This article throws light upon the nine main requisites of a good test of intelligence. The requisites are: 1. A Clear Conceptual Frame 2. Testing Conditions 3. Item Characteristics 4. Psychometric Characteristics 5. Range of Difficulty Level 6. Objectivity of Scoring 7. Reliability 8. Validity 9. Norms.
Requisite # 1. A Clear Conceptual Frame:
While intelligence testing as a practice, has become extensive and there has almost been a mushroom growth of intelligence tests, nevertheless there is still no definition of intelligence available on which a large majority of psychologists agree and which is also comprehensive, taking into account the different operations or abilities which are involved in intelligent action.
In view of this, a person using a particular test must be clear as to what aspects of intelligence the particular test measures, whether it measures a ‘g’ or a group factor or any specific ability like perception, etc. While interpreting the test score, this should provide us a reasonable accurate score when used with children who live in a disadvantaged milieu. There is ample and consistent evidence that test scores are affected by socio-economic variations.

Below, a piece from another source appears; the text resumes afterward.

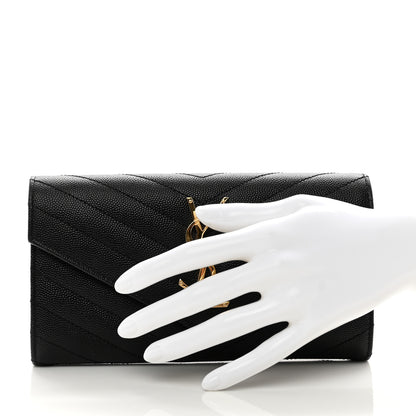 Saint Laurent Grain De Poudre Matelasse Chevron Monogram Flap Wallet Black 2 of 7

Requisite # 2. Testing Conditions:
All of us can do our best in any sphere of activity only if the conditions are congenial. One may be an expert driver but the expression of this expertise is affected by traffic conditions and the driving competence of others driving their vehicles which are on the road. The subject should be tested only under conditions, where he or she is comfortable, relaxed, and free from tension and curiosity as to what would happen if he or she did not perform well.
The purpose and implications of the testing should be made clear. Further, if a number of persons are being tested, the conditions under which the testing is done should be constant and uniform for all persons being tested. The physical conditions, including temperature, seating arrangements, ventilation, freedom from noise-all should be carefully arranged and set up.
Requisite # 3. Item Characteristics:
The wording of items whether questions or problems or puzzles should be clear and unambiguous. Where verbal items are involved, the language should be simple and easily comprehensible by the persons taking the test. The term ambiguity refers to the degree of clarity. When two people independently read the item, they should get the same meaning.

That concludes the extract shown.